Sołtys Nowego Sielca: U nas nie brakuje aktywnych mieszkańców

Renata Jasińska
Pomagali w remoncie świetlicy wiejskiej i zagospodarowaniu placu wokół niej. Ale nie tylko...

W budynku po starej zlewni mleka, który pełni teraz rolę wiejskiej świetlicy we wsi Nowy Sielc (gm. Krasnosielc), trwają prace remontowe. Dobudowane zostało już nowe wejście do kuchni, wykonane schody, obecnie robiona jest też elewacja. To ostatni etap doprowadzania starego budynku do użytku.

- Ten budynek autentycznie straszył. Był poobdzierany, szary. W dzisiejszych czasach nie przystoi, żeby tak wyglądało miejsce spotkań - mówi Tomasz Bielawski, sołtys. - Udało się nam na szczęście pozyskać pieniądze na tę elewację, bo jednak potrzebowaliśmy ich niemało. Dogadaliśmy się w ten sposób, że własnym sumptem zrobimy co będziemy mogli. W planach mamy jeszcze umieszczenie barierki i będziemy się właśnie starali ją zrobić sami.

Remont tego budynku trwa od kilku lat. I jest doskonałym przykładem efektów jakie przynosi dobre współdziałanie sołectwa i gminy.

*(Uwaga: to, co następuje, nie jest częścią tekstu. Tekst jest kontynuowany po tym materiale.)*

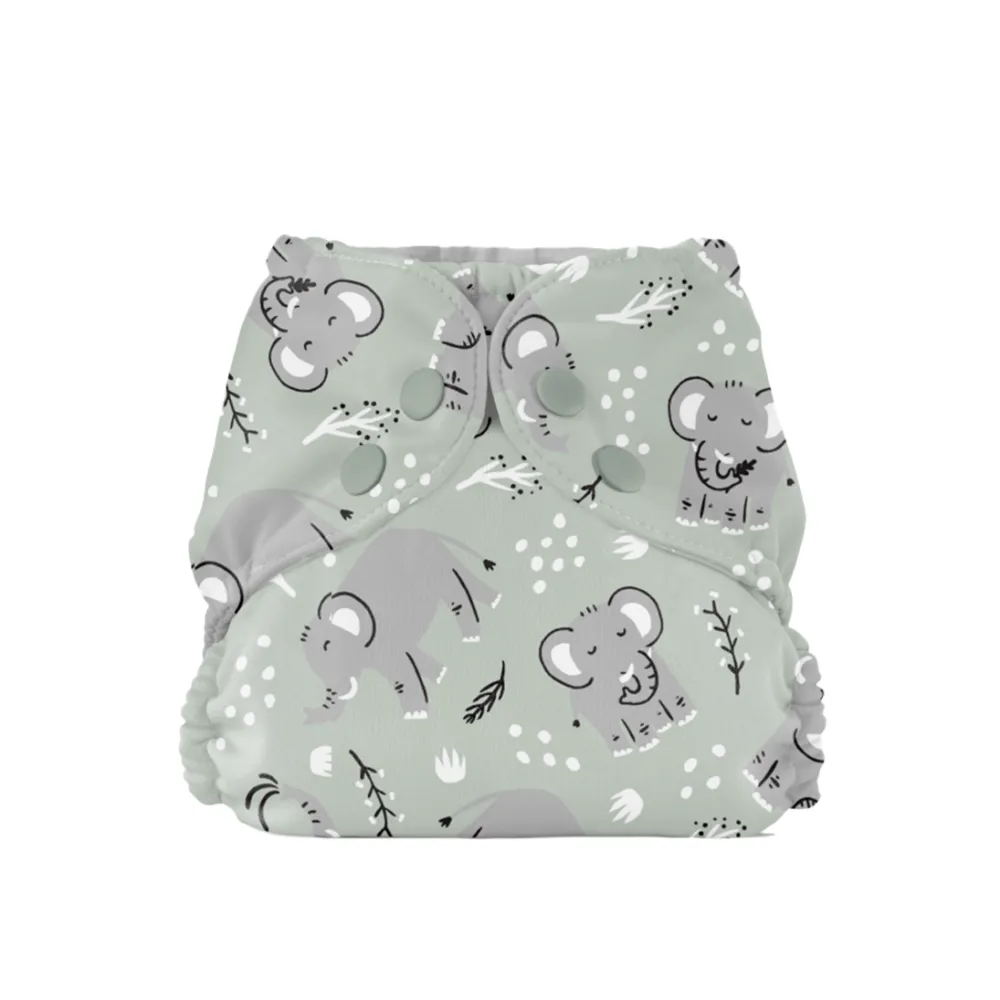 Diaper Outer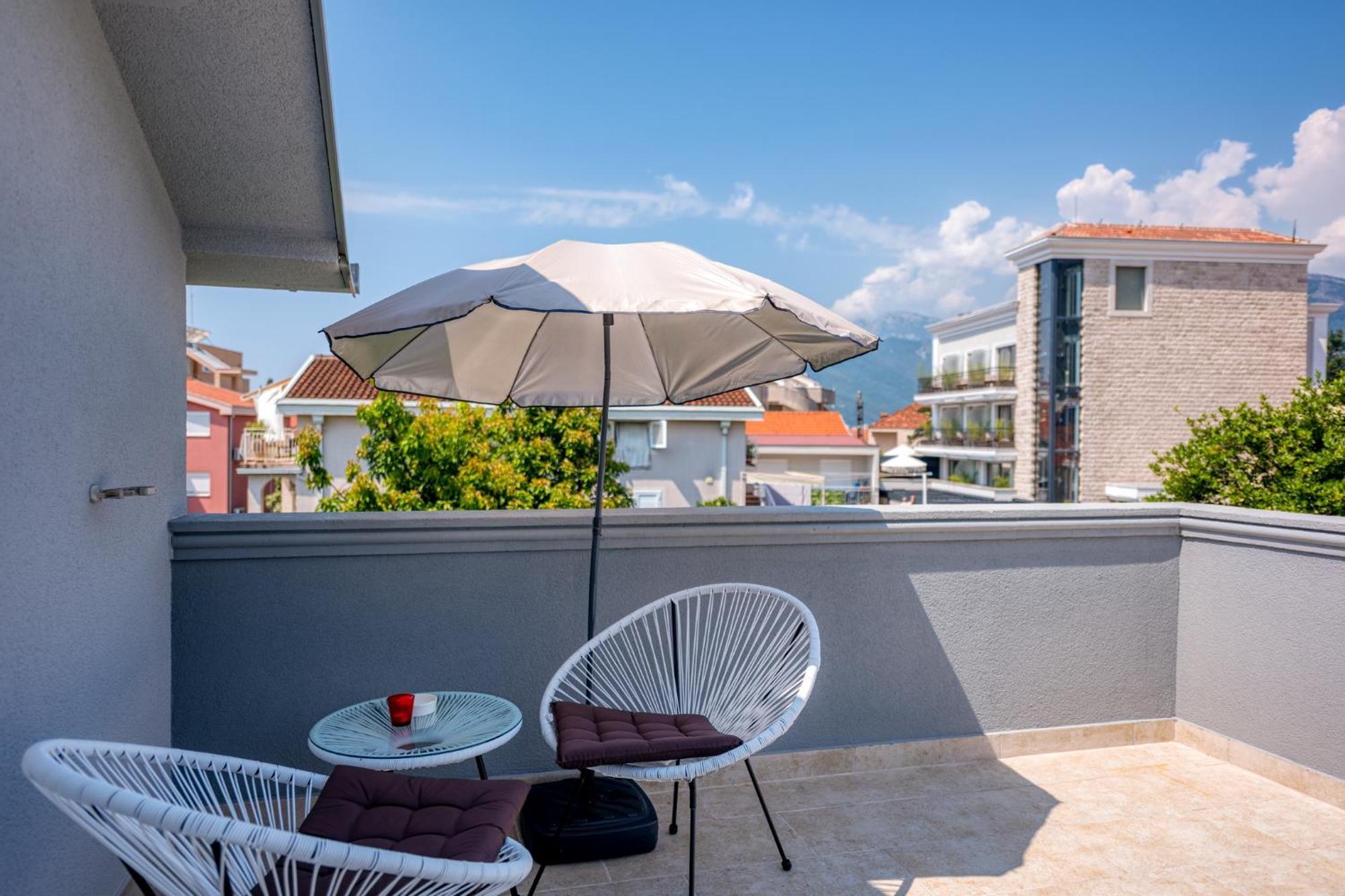 Miro Guesthouse Tivat Cameră foto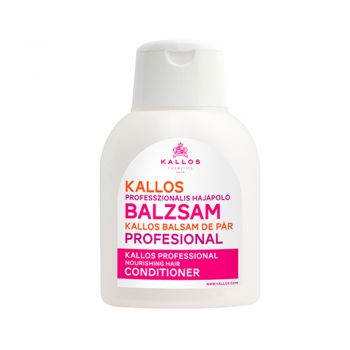 Balsam de Par Kallos 500 ml de firma original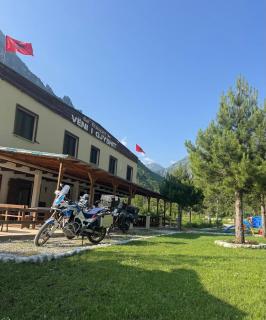 Guesthouse Véni i Gjyshit - Shkodër - 9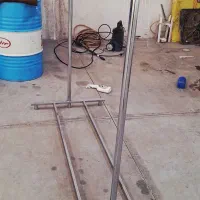 رگال استیل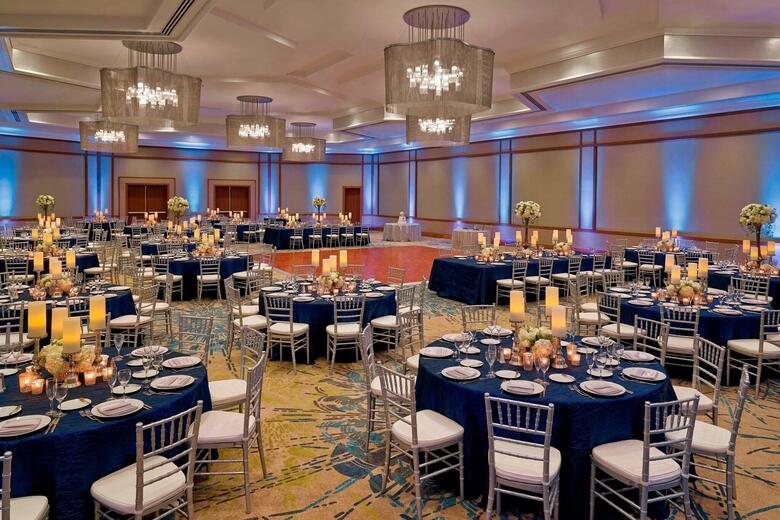 Hotel Westin San Diego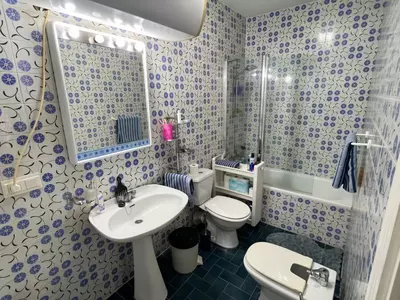 Duplex in Estepona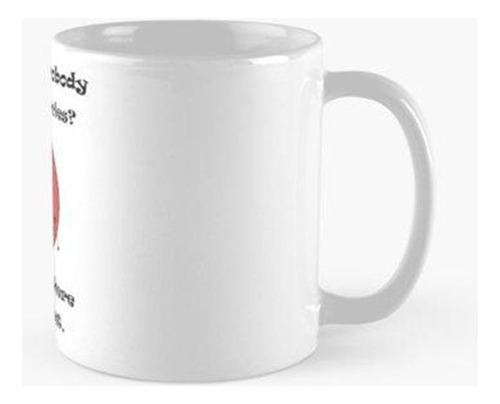 Taza Problemas De Círculos Calidad Premium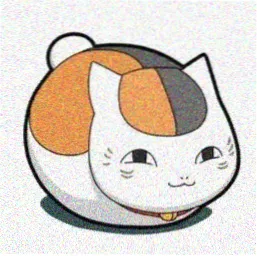 观众 石墨灰影迷 的头像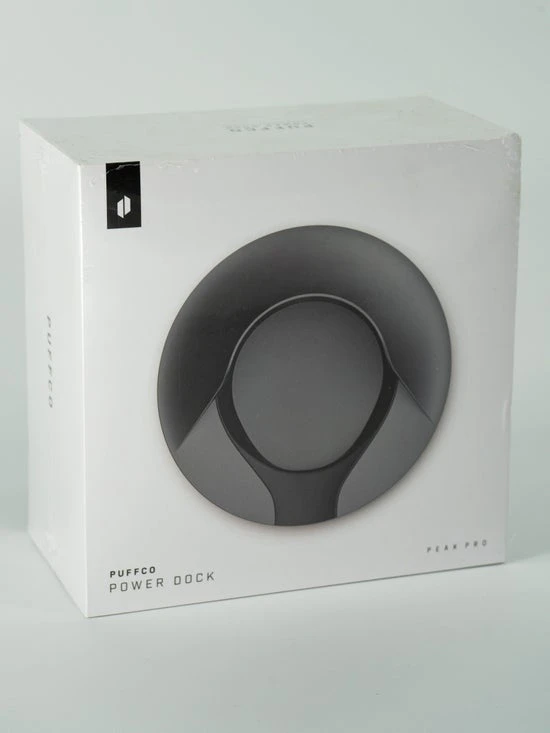 Puffco - Puffco | Power Dock | Peak Pro Main Image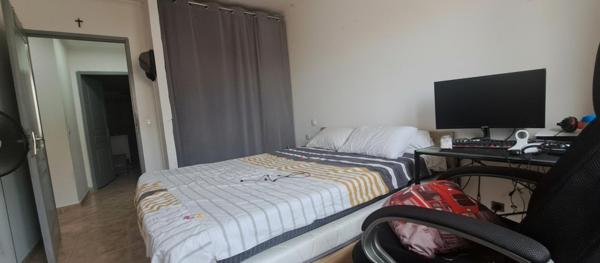 PERPIGNAN, MAISON T4, PLAIN PIED, 3 FACES AVEC JARDIN PISCINABLE
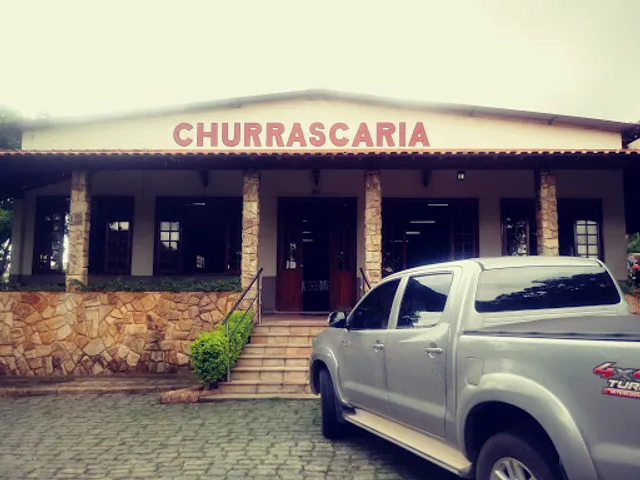 Churrascaria e Bistecão Gaúcho III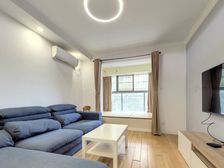 电梯房 业主诚意 精装修 次新小区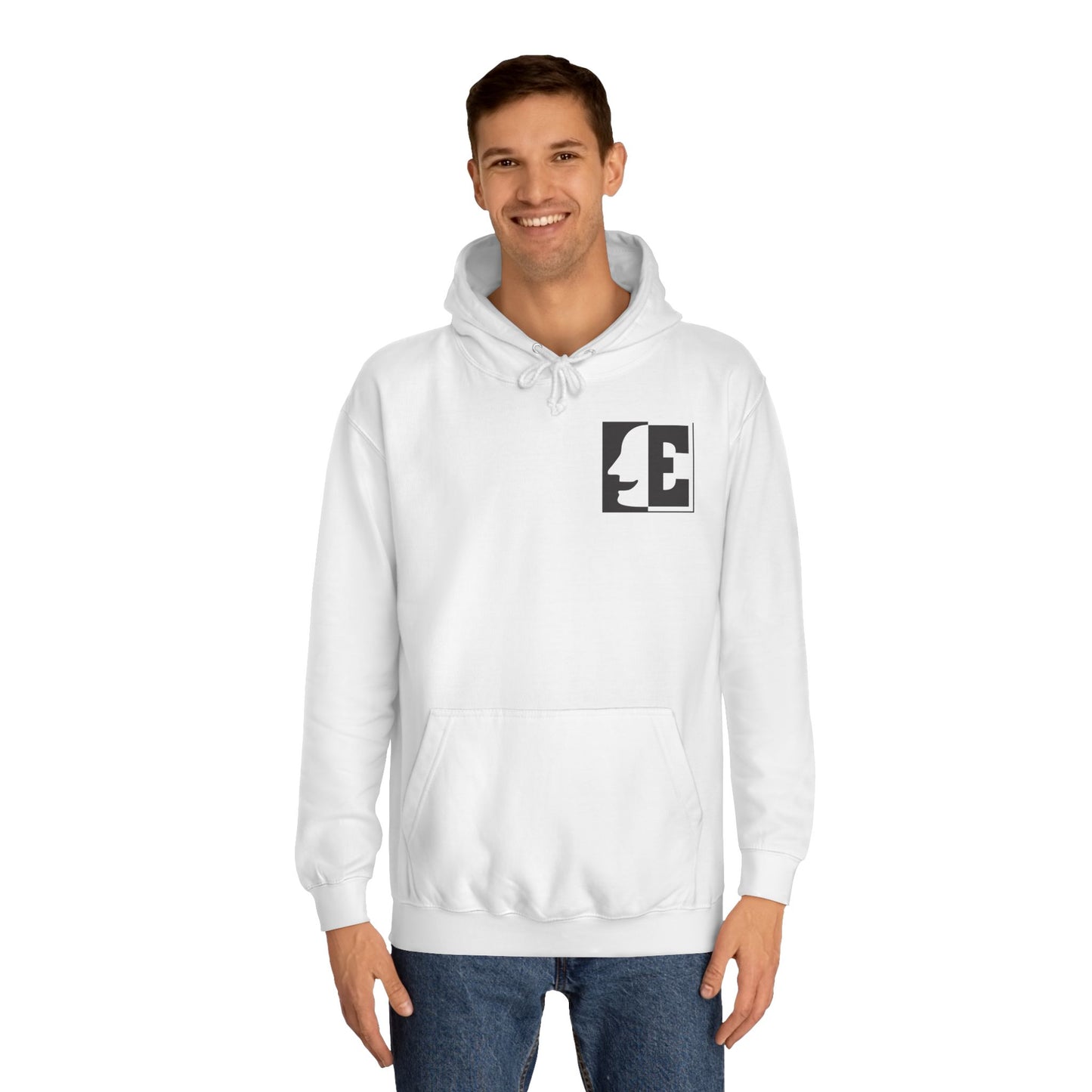 Everyman Hoodie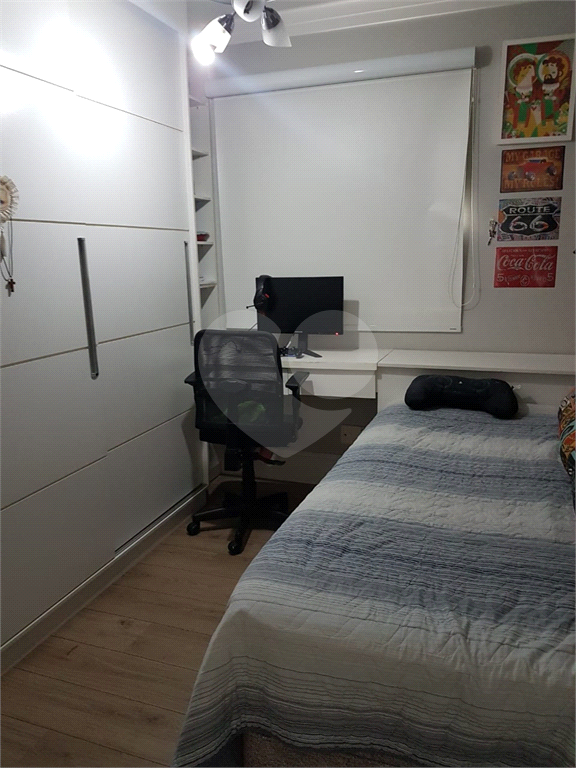 Apartamento 02 dormitórios para venda no Lauzane Paulista em São Paulo/SP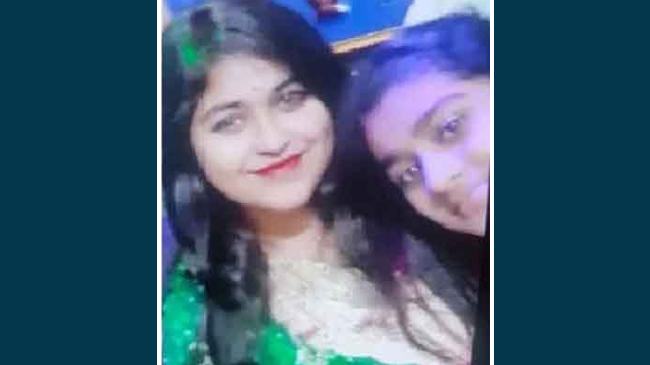 স্বজনদের দাবি: মাহজাবিনের স্বামীর পরিকল্পনায় হত্যাকাণ্ড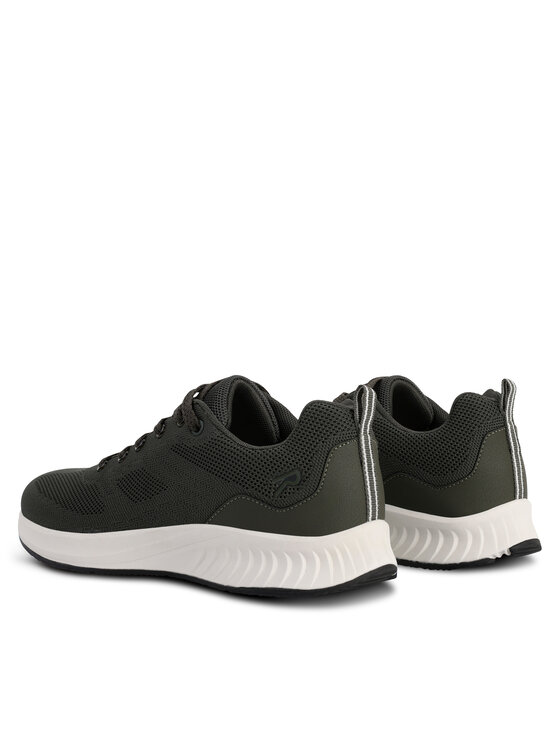 Regatta Regatta Tenisice Marine Sport RMF823 Kaki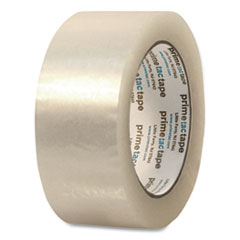 Coastwide Professional™ Industrial Packing Tape, 3" Core, 1.8 mil, 2" x 55 yds, Clear, 36/Carton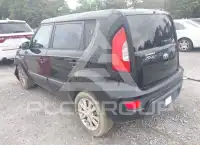 2013 KIA Soul фото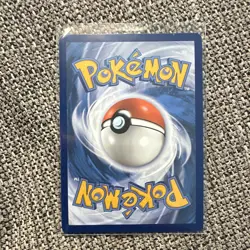 SV03 Obsidian Flames Cleffa 202/197 Illustration Rare Full Art Holo EN 2023 - Image 4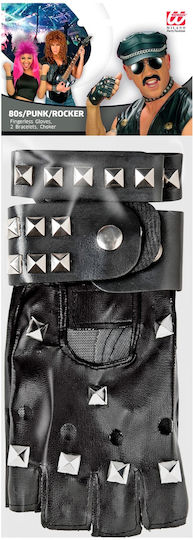 Αξεσουαρ Biker Rocker Set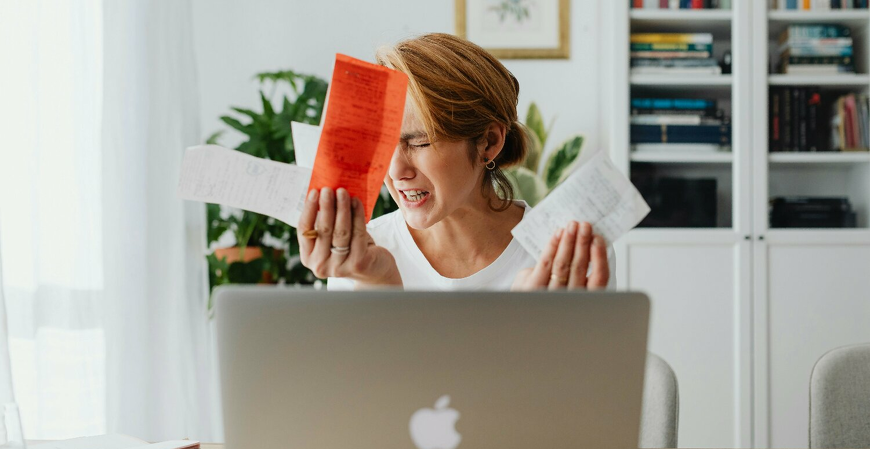 Contador como orientador estratégico em dívidas bancárias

- Tu poszły pieniądze z samorządu, ale i nasze, a także praca mieszkańców. Nie mamy co prawda funduszu sołeckiego, ale za to taką umowę, że określona suma pieniędzy, jest przekazywane na każde sołectwo. Mieliśmy też swoje pieniądze ze sprzedaży lasu. Tak po trochu się zbiera i teraz mamy się czym szczycić - opowiada sołtys.

Zlewnia przez długi czas stała opuszczona, zarośnięta, podobnie zresztą jak plac wokół niej.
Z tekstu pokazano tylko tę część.